I don't have much to add to the excellent job Momai did. Just a little suggested tweeking: I don't know why you chose "us" تغادرنا instead of "me" تغادرني/تتركني. I think the latter is the intended meaning, for lamenting past youth is an individual thing. I guess.
And for the last line, I'd prefer لكن الفجر الذهبي لي/مِلْكي .


----------



## psxws

cherine said:


> I don't have much to add to the excellent job Momai did. Just a little suggested tweeking: I don't know why you chose "us" تغادرنا instead of "me" تغادرني/تتركني. I think the latter is the intended meaning, for lamenting past youth is an individual thing. I guess.
> And for the last line, I'd prefer لكن الفجر الذهبي لي/مِلْكي .



Agreed as to the intended meaning, I thought the same thing but figured it might be more poetic in the plural. I also think the last line sounds better as you have it. شكرا يا تشرين

So, once again, final* version:

*اغنية خريفية في الربيع
*
الشباب ,يا كنزاً إلهياً
تغادرني اﻵن بلا رجعة
  حين أرغب في البكاء ,لا أذرف ايّة دمعة ..
  أحياناً أبكي بلا رغبة ..

لكن الفجر الذهبي مِلْكي!
​


----------



## elroy

I’m surprised no one commented on this, but you can’t use الشباب to address youth.  It sounds especially dissonant with the subsequent vocative.

يا أيها الشباب، يا ذا الكنز الإلهي 

“Already” is often very challenging to translate into Arabic!  I think here من الآن might work.

ها أنت تتركني من الآن، ولن تعود 

My suggestion for the rest:

حين أريد البكاء لا أبكي
وأحيانًا أبكي دون أن أريد
لكن الفجر الذهبي، إنه لي!


----------



## cherine

elroy said:


> I’m surprised no one commented on this, but you can’t use الشباب to address youth.  It sounds especially dissonant with the subsequent vocative.
> يا أيها الشباب، يا ذا الكنز الإلهي


You're right that we should use a حرف نداء. But thinking about this now, I believe it's even better to go for يا شبابي , as the poet is lamenting the departure of his own youth (as he's becoming an old man) not youth in general.

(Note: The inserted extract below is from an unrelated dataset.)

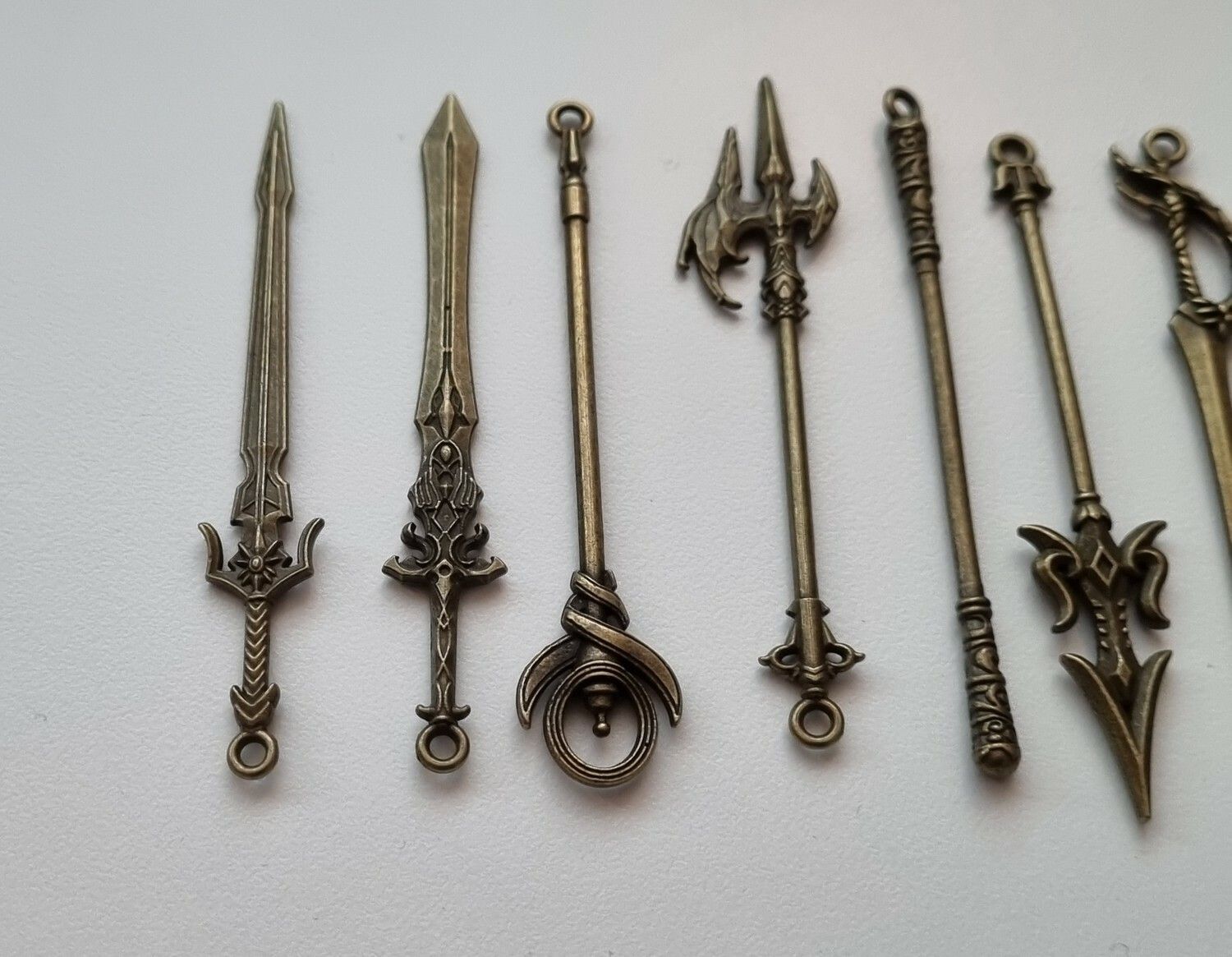 9 st berlocker - Miniatyrvapen, minisvärd, treuddar med mera (bronsfärgade)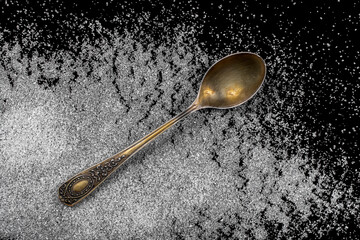Vintage spoon and sprinkled sugar on a black table.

> “Already” is often very challenging to translate into Arabic!


True, but as it's not there in the original Spanish, we don't need to worry about it here.


> حين أريد البكاء لا أبكي
> وأحيانًا أبكي دون أن أريد
> لكن الفجر الذهبي، إنه لي!


I like the last two, but for the first line I prefer the one given above:
حين أرغب في البكاء، لا أذرف أيّة دمعة


----------



## elroy

cherine said:


> it's not there in the original Spanish


 It is -- you must have missed it: 


psxws said:


> ¡*ya* te vas para no volver!


 But I'm actually now realizing that the English translation doesn't include it! 


psxws said:


> Now you leave, never to return!


----------



## cherine

True, but it doesn't "feel" correct to say "you're already leaving", I think the intended meaning here is actually "now", not "already".


----------



## elroy

I would say “You’re *leaving already*”; cf. 





psxws said:


> "Ya te vas" means "you're leaving already".


 “Now” for me is too neutral.  Perhaps it was used in the English translation for metrical or other reasons not related to the meaning.


----------